L’accord de Paris ne servirait-il donc à rien ? « Dans leur feuille de route, ces entreprises ne disent pas un mot sur le climat et la COP21. Elles font comme si cela n’existait pas. C’est inacceptable, sur le plan climatique d’abord, mais aussi sur le plan démocratique. »

C’est là que la société civile doit entrer en jeu, selon les organisateurs de ces actions : « Le sommet de Pau va être la vraie conclusion de la COP21. Soit le sommet se tient, et ça signifiera que les industries pétrolières, automobiles, etc., pourront continuer la vie comme avant. Soit il ne peut avoir lieu, ou a lieu dans des conditions extrêmes et perturbées, auquel cas ce sera un signal fort envoyé : Nous citoyens sommes entrés en scène. Nous prenons au pied de la lettre les engagement de Paris et allons veiller à les faire appliquer » explique Txetx Etcheverry.

« Soit on bloque, soit ils devront nous arrêter »

Lancé par ANV-COP21, l’appel de Pau, Stop aux forages en eaux profondes rassemble aujourd’hui Alternatiba, les Amis de la Terre, Attac, 350.org, Surfrider Foundation, Bizi, The Ocean Nation, le Village Emmaüs Lescar Pau, et Chrétiens unis pour la terre.

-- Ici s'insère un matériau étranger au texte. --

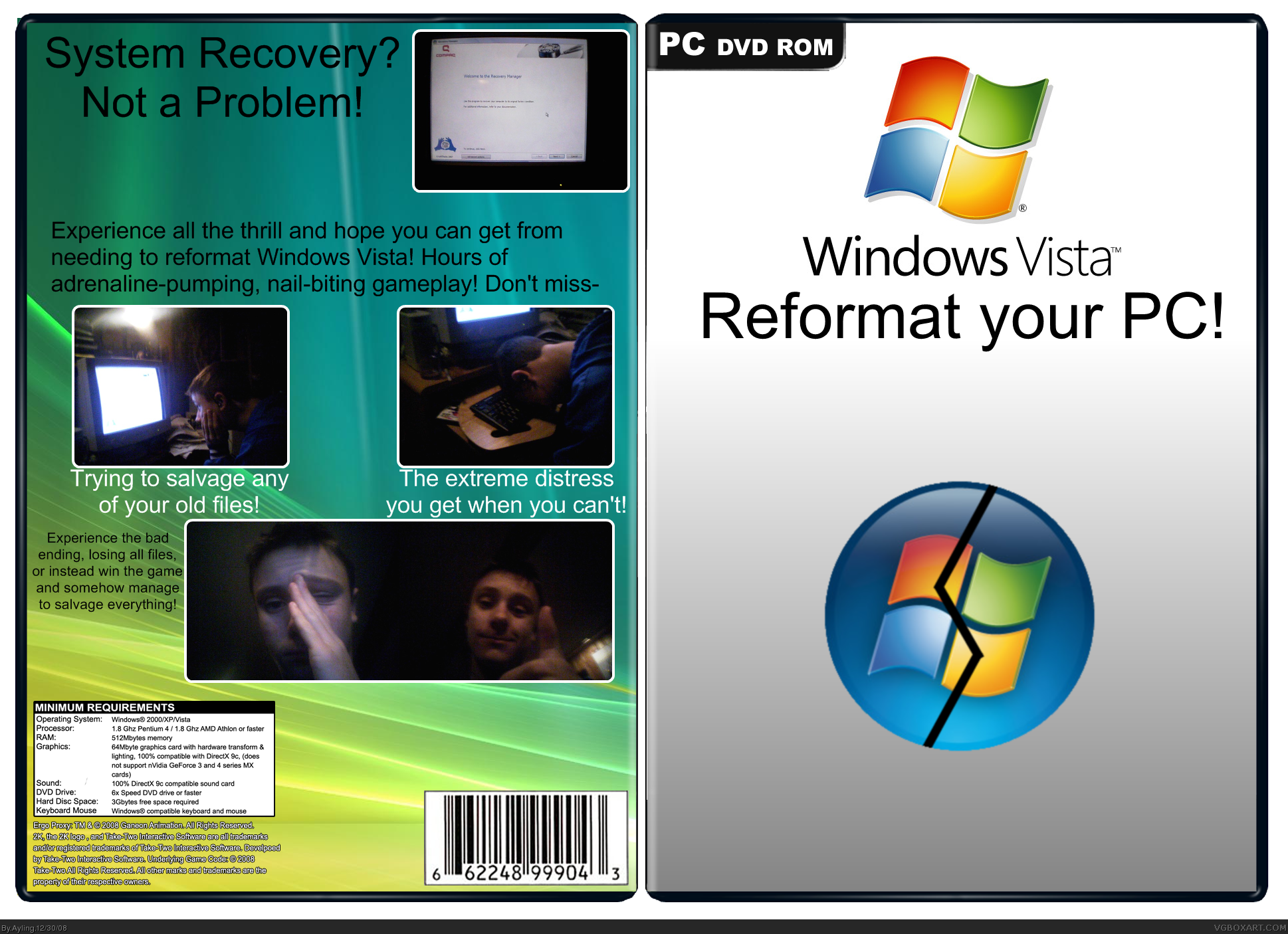 Windows Vista: Reformat your PC! box cover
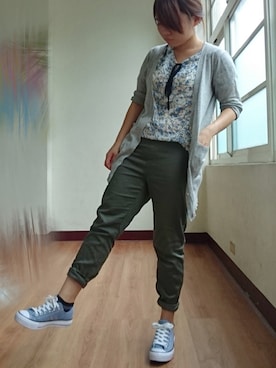 「simple」｜「アイテム（その他アウター）」を使った、yungさん（レディース・160cm）の夏コーディネート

L’objectif est clair : empêcher que le sommet ait lieu.

« On va l’empêcher physiquement en s’interposant avec nos corps, empêcher les congressistes d’entrer, entrer nous-mêmes pour empêcher le bon déroulement. Soit on bloque, soit ils devront nous arrêter », explique Txetx Etcheverry. Un camp de base, le Camp Sirène a été établi au village Emmaüs de Lescar, où auront lieu du 2 au 4 avril des formations à l’action non-violente, ainsi que des débats. 400 militants se seraient déjà inscrits pour participer aux actions. « Il n’y aura pas que des actions pour les activistes prêts à aller en garde à vue, mais également des actions grand public. On veut une mobilisation maximale pendant les 3 jours » insiste-t-il. Une conférence « Stop crime climatique » aura lieu le mardi, jour de l’ouverture du colloque des pétroliers, puis des concerts et une chaîne humaine le mercredi, etc.

Cette mobilisation s’inscrit dans la logique du mouvement Break Free (« Libérons nous des énergies fossiles ». Du 4 au 15 mai, les organisateurs promettent « une vague mondiale d’actions de masse » ciblant les « projets fossiles les plus dangereux de la planète afin d’arrêter l’extraction du charbon, du pétrole et du gaz ».